▶ Exercise prompt
Word for word, set down every line of the entries below from the line with "A carpet of" to the line with "Magustoidukausid - Johnson Bros (6 tk)", including both, and no other line.

(Records from a data source)

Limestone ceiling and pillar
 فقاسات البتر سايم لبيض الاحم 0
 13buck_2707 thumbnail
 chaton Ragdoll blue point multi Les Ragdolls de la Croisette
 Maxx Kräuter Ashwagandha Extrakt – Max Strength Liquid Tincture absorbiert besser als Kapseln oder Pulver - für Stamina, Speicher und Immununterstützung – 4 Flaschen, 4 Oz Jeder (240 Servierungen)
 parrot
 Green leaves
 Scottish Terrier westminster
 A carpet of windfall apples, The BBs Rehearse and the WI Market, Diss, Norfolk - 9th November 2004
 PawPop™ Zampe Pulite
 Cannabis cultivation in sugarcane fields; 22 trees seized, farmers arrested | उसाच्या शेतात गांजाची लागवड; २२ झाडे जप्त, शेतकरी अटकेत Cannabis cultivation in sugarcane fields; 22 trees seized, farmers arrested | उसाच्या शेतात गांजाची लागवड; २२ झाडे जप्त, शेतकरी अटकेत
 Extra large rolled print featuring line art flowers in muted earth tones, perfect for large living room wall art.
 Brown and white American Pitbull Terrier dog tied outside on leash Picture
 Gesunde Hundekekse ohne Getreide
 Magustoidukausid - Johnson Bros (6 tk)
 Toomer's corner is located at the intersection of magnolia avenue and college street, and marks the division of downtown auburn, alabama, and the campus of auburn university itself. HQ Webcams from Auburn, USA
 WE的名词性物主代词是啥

▶ Completed task
 A carpet of windfall apples, The BBs Rehearse and the WI Market, Diss, Norfolk - 9th November 2004
 PawPop™ Zampe Pulite
 Cannabis cultivation in sugarcane fields; 22 trees seized, farmers arrested | उसाच्या शेतात गांजाची लागवड; २२ झाडे जप्त, शेतकरी अटकेत Cannabis cultivation in sugarcane fields; 22 trees seized, farmers arrested | उसाच्या शेतात गांजाची लागवड; २२ झाडे जप्त, शेतकरी अटकेत
 Extra large rolled print featuring line art flowers in muted earth tones, perfect for large living room wall art.
 Brown and white American Pitbull Terrier dog tied outside on leash Picture
 Gesunde Hundekekse ohne Getreide
 Magustoidukausid - Johnson Bros (6 tk)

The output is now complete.